Mr Corbyn said: “Well done to people who have signed the petition and are supporting humane treatment of fellow human beings.
“Let’s put the h word - human - into our processes.
“Somer and Areeb are wonderful boys, have made great achievements in school and have wonderful parents.”
Mr Bakhsh has two masters degrees and worked as a data analyst in Pakistan and his wife is a trained nurse and midwife.
The couple would dearly like to work and make a contribution to the country they call home but they have been banned due to their immigration status, which also means they are not allowed to drive.
Mr Corbyn said: “What a crying shame and a waste - two parents in this country who are able, intelligent and very well qualified.
“They should be working in our public services or the private sector and able to contribute to our society which is what they want to do.
“I urge the Home Secretary to stop the hostile environment and recognise the human value of those who have decided to make their homes in this country because of the oppression they face back home.”
The catalyst for the family’s move to Scotland was the murder of two Christians who were gunned down outside a court, while in police custody, in the city of Faisalabad in July 2010.
Pastor Rashid Emmanuel, 32, and Sajid, 24, were accused of writing a pamphlet critical of the Prophet Muhammad that flouted Pakistan’s controversial blasphemy law, which carries the death penalty.
Christians are a minority group in Pakistan and have been repeatedly targeted in a string of deadly terrorist attacks claimed by Islamic State in Iraq and the Levant in recent years.
Mr Bakhsh said he was very pleased that Mr Corbyn took the time to meet him and his family.
“We are very encouraged by his support for us and we hope it will lead to good news,” he added.
The Bakhsh family’s case has been taken up with the Home Office by Paul Sweeney, MP for Glasgow North East.
He said: “This is a very powerful intervention from Jeremy Corbyn as the leader of the Labour Party.
“Putting human dignity back at the heart of our politics is crucial.
“The Church of Scotland and the congregation at Possilpark Parish Church has shone a light on the real suffering of people in our community.

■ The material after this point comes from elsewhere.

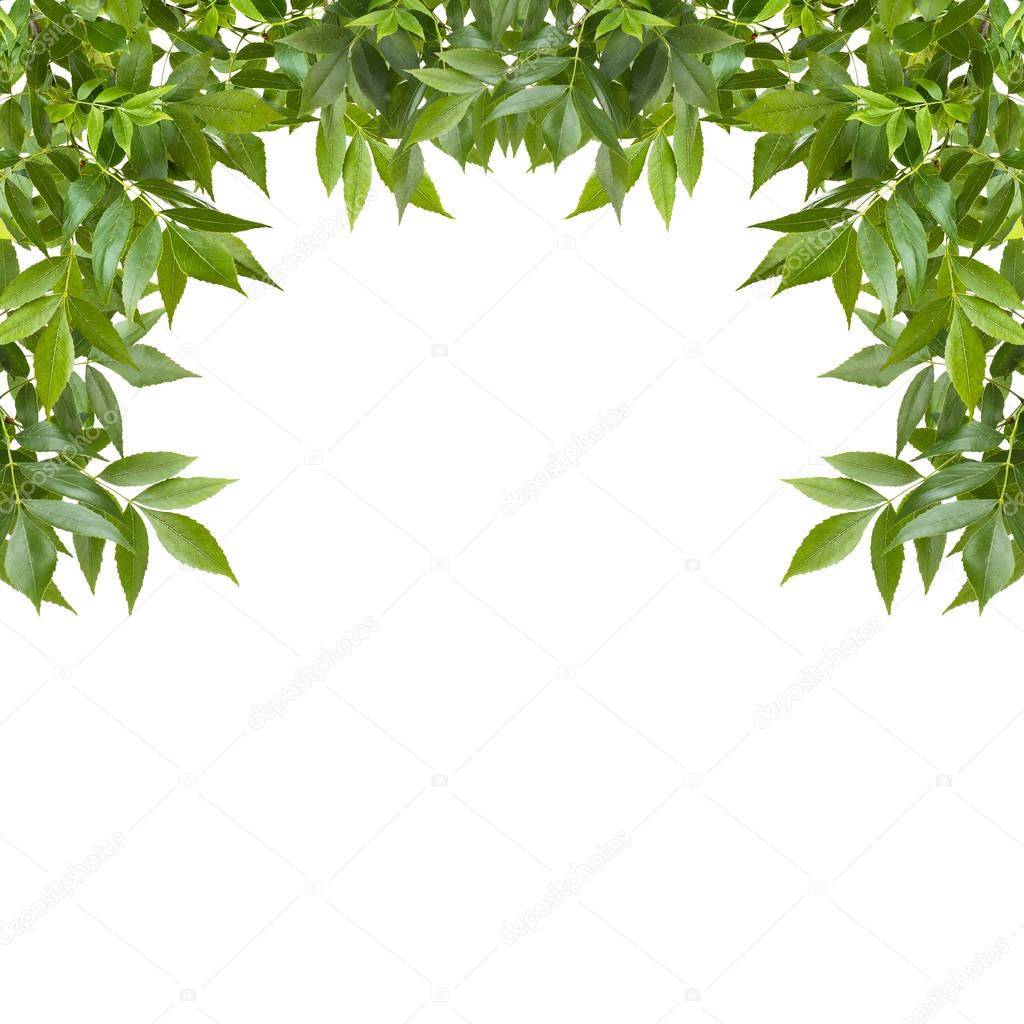 Green foliage frame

“This will hopefully make a difference on a national level and help hundreds of people in the long run.”
The Rev Linda Pollock, minister of Possilpark Parish Church, is leading the campaign to stop the family being deported.
She said: “It is commendable that Jeremy Corbyn came to the church and met asylum seekers.
“It is a bit of a relief for the family that someone in a position of influence is taking an interest and sees them as human beings, not just a statistic and a number.
“We will see how it all pans out and we hope for the best.”
Mr Corbyn also met 10-year orphan asylum seeker Giorgi Kakava and his grandmother Ketino Baikhadze.
The pair, who are being supported by Rev Brian Casey of Springburn Parish Church in Glasgow, have been given permission to stay in the UK for 30 months.
The minister said he hoped that Mr Corbyn’s visit would help to keep the two cases in the public eye.
“As he said, we need to take the ‘H’ from hostile and put it into human,” added Mr Casey.
“He has personalised these stories for a lot of people and I hope it makes a difference and carries on highlighting the campaigns.”
Pictured from left are: Scottish Labour leader Richard Leonard, Rev Brian Casey, Jeremy Corbyn, Giorgi Kakava, Ketino Baikhadze and Paul Sweeney MP
Church of Scotland congregations the length and breadth of the country are actively working to support asylum seekers and refugees.
The Kirk is a leading member of the ;Scottish Faiths Action for Refugees group.
Moderator of the General Assembly, Right Rev Susan Brown, said the Christian faith calls on its followers to take care of the stranger and the foreigner, especially the vulnerable.